And according to research at West Virginia University, the childhood rates are dropping.
In 2012, the percentage of fifth-graders with high blood pressure dropped from one in four to one in five from the previous year, according to WVU. The fifth-grade obesity rate decreased from 29 percent to 28 percent, and the kindergarten rate dropped from 18 percent to 15 percent.
Also at Monday's school board meeting, Kanawha County Schools' attorney Jim Withrow advised how to handle the growing issue of cyber-bullying.
School board member Becky Jordon says it's a "big problem" in the county.
"There are a lot of kids who don't want to go to school after kids go cuckoo on their phones and write mean stuff. They have to be punished," she said. "I think it's a problem, but I don't know what everyone here in this room can do. You can't control every child's phone.

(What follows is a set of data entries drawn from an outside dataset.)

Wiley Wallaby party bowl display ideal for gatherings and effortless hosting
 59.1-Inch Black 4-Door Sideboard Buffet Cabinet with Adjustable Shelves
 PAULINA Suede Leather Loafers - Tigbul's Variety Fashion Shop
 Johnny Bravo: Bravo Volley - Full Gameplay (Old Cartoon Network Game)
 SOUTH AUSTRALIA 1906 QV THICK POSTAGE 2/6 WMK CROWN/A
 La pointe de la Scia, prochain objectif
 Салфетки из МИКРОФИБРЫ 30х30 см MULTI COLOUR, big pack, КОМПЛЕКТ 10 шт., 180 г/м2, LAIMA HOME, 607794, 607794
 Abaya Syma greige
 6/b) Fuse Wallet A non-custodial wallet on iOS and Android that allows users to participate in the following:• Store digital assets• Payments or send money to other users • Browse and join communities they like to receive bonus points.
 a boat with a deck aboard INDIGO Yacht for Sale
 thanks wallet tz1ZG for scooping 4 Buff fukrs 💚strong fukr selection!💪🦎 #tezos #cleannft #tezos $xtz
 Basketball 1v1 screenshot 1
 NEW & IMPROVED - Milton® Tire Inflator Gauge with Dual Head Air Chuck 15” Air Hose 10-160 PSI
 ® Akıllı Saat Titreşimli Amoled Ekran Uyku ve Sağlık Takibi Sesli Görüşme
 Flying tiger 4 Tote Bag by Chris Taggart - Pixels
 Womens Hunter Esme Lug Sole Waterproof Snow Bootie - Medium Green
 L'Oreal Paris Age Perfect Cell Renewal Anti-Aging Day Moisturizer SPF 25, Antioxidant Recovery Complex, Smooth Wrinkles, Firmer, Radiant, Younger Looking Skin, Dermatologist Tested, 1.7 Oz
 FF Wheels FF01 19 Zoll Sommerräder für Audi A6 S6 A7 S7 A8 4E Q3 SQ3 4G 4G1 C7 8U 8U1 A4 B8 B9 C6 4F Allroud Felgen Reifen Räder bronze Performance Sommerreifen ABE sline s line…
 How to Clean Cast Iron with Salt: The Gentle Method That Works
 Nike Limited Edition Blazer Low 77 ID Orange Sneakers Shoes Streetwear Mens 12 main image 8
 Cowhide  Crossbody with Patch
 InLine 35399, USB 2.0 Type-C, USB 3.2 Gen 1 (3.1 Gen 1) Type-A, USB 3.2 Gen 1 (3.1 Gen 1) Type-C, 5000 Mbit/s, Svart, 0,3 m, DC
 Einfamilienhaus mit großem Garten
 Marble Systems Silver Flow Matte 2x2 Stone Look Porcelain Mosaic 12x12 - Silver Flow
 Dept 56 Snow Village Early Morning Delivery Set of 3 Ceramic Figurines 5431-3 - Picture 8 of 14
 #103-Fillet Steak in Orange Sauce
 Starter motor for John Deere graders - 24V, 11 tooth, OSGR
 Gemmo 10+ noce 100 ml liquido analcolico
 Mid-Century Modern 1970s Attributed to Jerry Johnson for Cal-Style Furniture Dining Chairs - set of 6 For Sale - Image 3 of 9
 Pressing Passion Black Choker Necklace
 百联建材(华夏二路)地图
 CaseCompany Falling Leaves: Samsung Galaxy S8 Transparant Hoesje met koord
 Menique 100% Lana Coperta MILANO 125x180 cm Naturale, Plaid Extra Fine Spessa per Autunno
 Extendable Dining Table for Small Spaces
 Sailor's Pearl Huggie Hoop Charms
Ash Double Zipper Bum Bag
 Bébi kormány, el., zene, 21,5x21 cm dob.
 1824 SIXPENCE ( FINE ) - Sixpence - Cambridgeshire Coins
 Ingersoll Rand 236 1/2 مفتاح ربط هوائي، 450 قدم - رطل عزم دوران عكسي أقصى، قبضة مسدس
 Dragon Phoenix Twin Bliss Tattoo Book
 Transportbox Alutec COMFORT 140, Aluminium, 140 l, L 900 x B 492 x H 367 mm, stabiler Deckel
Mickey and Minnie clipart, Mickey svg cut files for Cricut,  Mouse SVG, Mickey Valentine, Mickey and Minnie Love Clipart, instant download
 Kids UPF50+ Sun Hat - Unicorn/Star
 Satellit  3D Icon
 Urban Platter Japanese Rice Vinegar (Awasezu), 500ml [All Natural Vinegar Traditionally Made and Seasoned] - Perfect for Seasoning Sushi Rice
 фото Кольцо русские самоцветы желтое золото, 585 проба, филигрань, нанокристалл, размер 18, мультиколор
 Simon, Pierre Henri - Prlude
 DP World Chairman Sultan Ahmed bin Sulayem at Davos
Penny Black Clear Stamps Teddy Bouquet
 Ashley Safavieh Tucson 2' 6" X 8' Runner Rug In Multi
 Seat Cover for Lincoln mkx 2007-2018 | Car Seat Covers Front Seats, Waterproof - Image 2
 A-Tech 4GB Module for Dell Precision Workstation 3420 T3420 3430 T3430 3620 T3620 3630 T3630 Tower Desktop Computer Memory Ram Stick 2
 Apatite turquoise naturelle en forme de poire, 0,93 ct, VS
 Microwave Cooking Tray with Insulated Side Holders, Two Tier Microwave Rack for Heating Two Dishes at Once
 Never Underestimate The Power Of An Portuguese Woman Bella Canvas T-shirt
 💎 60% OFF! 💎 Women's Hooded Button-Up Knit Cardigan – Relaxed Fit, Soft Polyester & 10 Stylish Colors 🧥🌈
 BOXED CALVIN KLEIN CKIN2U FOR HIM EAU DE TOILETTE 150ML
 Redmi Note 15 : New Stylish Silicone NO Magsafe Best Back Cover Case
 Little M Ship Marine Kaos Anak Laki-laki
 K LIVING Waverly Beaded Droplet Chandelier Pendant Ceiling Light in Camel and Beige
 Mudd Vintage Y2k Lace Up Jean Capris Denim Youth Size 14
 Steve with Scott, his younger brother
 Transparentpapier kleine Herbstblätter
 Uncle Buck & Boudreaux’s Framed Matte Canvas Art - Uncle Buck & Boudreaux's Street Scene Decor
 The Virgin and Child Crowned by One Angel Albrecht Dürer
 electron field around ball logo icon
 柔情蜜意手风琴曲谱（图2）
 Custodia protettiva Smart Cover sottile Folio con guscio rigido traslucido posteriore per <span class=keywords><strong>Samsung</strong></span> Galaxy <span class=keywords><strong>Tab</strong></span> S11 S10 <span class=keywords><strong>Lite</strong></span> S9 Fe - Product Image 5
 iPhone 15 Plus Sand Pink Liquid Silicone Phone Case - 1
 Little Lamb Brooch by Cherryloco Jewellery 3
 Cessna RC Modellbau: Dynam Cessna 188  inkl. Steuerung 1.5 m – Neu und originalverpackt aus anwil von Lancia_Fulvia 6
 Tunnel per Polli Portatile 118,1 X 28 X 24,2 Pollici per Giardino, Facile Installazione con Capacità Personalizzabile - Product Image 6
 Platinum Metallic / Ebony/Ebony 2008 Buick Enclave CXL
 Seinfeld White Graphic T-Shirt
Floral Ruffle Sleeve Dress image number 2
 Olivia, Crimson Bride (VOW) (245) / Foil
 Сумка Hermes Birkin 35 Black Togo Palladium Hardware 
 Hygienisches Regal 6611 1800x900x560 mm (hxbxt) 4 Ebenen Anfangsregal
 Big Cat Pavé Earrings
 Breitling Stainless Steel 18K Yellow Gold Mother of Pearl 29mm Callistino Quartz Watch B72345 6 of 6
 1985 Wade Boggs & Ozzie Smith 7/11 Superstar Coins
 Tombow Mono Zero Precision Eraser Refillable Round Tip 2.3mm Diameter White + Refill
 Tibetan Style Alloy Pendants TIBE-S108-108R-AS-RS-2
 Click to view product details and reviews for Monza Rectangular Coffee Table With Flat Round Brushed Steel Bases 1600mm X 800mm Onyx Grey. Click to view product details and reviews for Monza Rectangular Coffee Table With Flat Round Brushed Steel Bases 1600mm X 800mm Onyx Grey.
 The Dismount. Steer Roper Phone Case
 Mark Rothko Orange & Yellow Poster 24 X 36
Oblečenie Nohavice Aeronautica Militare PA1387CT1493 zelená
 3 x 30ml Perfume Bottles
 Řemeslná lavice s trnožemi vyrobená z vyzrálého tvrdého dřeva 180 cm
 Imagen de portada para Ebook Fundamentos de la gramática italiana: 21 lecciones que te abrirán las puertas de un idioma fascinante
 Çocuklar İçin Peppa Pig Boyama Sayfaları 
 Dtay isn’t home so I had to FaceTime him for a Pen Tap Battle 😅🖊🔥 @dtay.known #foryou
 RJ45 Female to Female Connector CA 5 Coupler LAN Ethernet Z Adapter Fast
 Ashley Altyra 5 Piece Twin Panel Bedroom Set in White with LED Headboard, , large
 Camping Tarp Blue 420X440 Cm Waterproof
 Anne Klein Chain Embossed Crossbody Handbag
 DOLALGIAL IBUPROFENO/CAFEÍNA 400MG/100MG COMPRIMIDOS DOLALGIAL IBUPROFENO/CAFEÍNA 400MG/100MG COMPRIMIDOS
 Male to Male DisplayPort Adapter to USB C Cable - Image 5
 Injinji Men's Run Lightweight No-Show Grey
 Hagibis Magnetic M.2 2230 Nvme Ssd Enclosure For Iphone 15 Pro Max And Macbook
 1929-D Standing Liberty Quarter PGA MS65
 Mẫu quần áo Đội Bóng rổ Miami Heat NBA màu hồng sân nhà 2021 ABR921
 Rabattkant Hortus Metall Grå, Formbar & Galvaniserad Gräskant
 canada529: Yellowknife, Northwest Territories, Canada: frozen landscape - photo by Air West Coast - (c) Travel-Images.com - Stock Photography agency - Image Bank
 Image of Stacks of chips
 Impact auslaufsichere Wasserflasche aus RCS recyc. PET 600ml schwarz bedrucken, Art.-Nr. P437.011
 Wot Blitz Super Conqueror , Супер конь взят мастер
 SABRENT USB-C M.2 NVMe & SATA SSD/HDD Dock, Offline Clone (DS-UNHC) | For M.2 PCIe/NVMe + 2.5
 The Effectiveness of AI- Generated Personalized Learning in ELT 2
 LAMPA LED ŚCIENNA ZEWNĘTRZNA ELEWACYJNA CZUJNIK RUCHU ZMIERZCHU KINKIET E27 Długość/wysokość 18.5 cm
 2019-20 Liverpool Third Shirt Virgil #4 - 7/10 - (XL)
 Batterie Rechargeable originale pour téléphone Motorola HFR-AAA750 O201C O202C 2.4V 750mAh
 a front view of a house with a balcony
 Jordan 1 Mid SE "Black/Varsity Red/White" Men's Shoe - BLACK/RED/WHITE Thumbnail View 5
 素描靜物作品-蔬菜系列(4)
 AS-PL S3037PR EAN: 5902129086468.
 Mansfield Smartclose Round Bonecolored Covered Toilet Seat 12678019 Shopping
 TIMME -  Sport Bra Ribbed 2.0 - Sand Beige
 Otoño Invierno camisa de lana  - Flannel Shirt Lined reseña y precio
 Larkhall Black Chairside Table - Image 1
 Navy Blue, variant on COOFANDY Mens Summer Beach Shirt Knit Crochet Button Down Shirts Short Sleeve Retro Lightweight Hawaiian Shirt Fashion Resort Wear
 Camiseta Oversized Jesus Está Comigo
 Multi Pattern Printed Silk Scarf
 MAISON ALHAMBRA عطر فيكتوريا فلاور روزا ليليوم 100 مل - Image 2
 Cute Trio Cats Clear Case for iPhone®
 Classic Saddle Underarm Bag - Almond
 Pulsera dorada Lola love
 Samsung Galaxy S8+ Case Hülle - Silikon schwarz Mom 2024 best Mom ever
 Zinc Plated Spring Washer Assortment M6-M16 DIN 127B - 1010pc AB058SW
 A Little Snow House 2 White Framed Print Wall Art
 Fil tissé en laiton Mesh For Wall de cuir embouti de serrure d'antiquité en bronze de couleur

It's a parent's job, and it's not being done."
Kanawha County requires teachers to undergo training dealing with bullying that happens online, and all students must take "cyber-safety lessons" each year, according to Leah Sparks, assistant superintendent for instruction in charge of technology.
"Now, we're really accountable for every student. ... We're doing what we can to be proactive and bring the issues forward," she said. "My stance is that the real world isn't completely locked down, so we have to make sure we're doing what we can to prepare them for [that]. We're trying to do what we can through these trainings to bring awareness and teach them to be socially responsible online."
The board will meet again Oct. 17 in regular session to discuss the school calendar plans for next year.